→ What the task requires
The span to copy runs from the line containing "group of people in the courtyard of a church" to the last line below. Copy it exactly, with nothing else.

→ Records for processing
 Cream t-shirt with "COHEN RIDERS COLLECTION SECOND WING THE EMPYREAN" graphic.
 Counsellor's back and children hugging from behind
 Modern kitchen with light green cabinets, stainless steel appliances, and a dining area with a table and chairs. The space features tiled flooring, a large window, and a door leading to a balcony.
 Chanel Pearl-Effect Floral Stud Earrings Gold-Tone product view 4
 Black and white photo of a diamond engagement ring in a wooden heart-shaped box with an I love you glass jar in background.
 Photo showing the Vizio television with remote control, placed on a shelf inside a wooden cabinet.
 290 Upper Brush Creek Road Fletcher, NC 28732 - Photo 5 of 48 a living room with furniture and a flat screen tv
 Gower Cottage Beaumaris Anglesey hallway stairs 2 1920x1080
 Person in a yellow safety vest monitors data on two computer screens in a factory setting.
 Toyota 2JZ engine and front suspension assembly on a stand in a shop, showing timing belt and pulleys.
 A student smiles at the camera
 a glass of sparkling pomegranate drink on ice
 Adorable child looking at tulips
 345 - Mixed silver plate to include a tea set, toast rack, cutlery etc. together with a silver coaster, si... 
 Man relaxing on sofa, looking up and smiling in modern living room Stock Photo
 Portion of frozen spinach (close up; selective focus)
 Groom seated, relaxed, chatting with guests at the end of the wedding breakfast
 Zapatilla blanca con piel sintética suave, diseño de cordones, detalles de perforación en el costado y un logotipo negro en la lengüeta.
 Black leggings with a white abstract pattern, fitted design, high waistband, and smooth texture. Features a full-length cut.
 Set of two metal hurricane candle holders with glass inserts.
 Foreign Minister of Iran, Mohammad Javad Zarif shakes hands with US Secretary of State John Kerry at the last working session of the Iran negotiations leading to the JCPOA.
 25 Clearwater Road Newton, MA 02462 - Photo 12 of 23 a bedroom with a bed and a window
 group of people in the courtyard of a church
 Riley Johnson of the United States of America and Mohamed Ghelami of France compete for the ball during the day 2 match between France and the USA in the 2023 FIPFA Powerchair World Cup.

→ Result for this exercise
 group of people in the courtyard of a church
 Riley Johnson of the United States of America and Mohamed Ghelami of France compete for the ball during the day 2 match between France and the USA in the 2023 FIPFA Powerchair World Cup.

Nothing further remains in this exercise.